After pushing a Stop operator token, the parser starts in the "Operand" context, since a single operand is itself a valid expression, while a single operator is not. The Operand context allows a numeric literal, a variable reference, a unary operator (negate or NOT), or an open bracket. The latter two push operator tokens on the stack but then remain in Operand context; literals and variables are
actually operands and cause the parser to shift to "Operator" context. If the token at the cursor is not recognised in Operand context, a syntax error is thrown. Stacked operators are not executed from Operand context, since unary operators always have higher precedence than binary operators and their operands are not yet available.
In "Operator" context, the parser looks for infix operators and close brackets, and causes the immediate execution of equal-or-higher precedence operators already on the stack. This, for example, causes unary operators to be executed as soon as their operands are available. If the token at the cursor is not recognised in Operator context, the end of the expression is inferred, all stacked operators are executed, and control is returned to the statement parser with the cursor suitably advanced. Mismatched brackets would be recognised by attempted execution of a stacked bracket token outside of a close-bracket context, or encountering the Stop token on the stack while processing a close-bracket.
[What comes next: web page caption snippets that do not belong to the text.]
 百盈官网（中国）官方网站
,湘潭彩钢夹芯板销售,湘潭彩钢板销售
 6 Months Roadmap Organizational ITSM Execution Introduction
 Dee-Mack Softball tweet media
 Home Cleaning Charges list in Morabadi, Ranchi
Several operators will be implemented as combinations of other operators to reduce code size and the number of unique operator tokens. In particular:
- Negate and NOT can use the same code implementing a subtraction from zero, entered with the Carry flag set and cleared respectively. This is a 6502-specific optimisation that would not be obvious for code ported from some other 8-bit CPU.
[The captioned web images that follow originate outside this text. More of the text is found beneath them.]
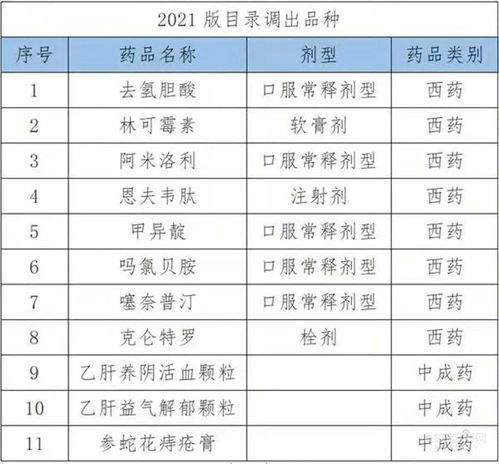 白小姐四肖四码100,执行机制评估_明亮版YHC13.31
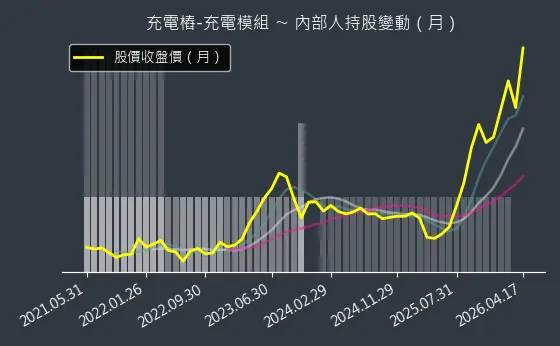 充電樁-充電模組 內部人持股變動以及產業面技術分析
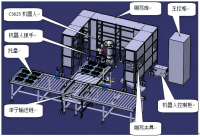 ECU全自动多路刷写台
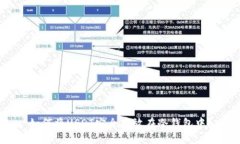 如何将USDT安全存放在冷钱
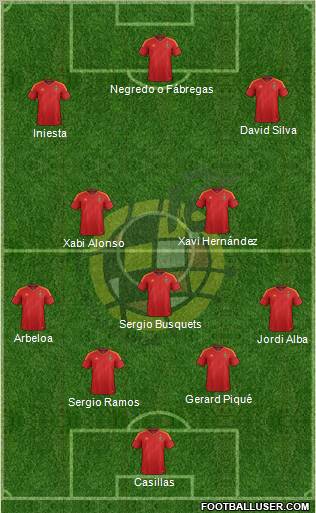 Spain Formation 2012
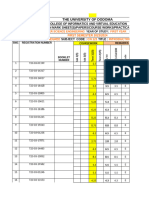 CN 121 Blacksheet 2024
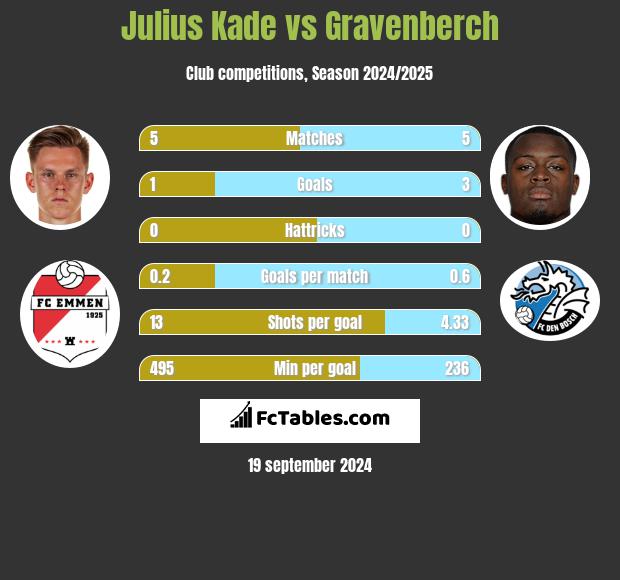 Julius Kade vs Gravenberch h2h player stats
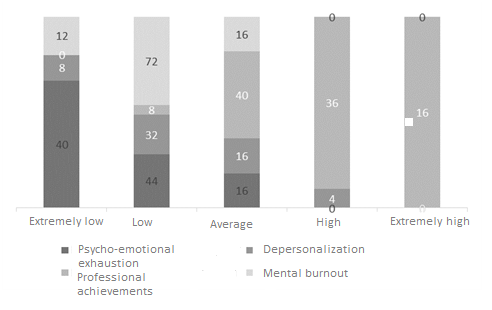 Layout of respondents of the first group according to the level of severity of mental burnout and its individual aspects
- Subtract can be implemented by pushing Add and Negate operators in that order, so that the top operand is negated before being added to its partner.
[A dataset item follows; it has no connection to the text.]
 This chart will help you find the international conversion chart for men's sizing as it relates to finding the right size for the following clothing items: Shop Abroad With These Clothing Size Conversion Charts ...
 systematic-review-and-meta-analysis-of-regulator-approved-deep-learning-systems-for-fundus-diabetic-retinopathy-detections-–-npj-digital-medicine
- Unequal can be implemented by pushing NOT and Equal operators in that order, so that the Equal condition is tested and then the result inverted.
- Similarly, >= is NOT <, <= is NOT >. This equivalence is only valid for integers, and would break for IEEE-754 floating point, but is a valid optimisation for us.
Obviously, these are all optimisations for code size, and many will result in lower execution speed. That's the kind of tradeoff needed to keep the code within 2KB with a reasonably complete feature set.
PEEK will likely be a unary operator, since it fits neatly into the above scheme. I may use the BBC BASIC indirection operators, ? and !, instead of the PEEK keyword, since they are easier to write recognition code for. However, implementing the indirection operators instead of POKE may be more complicated, since I have a very restricted concept of an lvalue. It might work if ? and ! are implemented as statement keywords, essentially duplicating the assignment statement.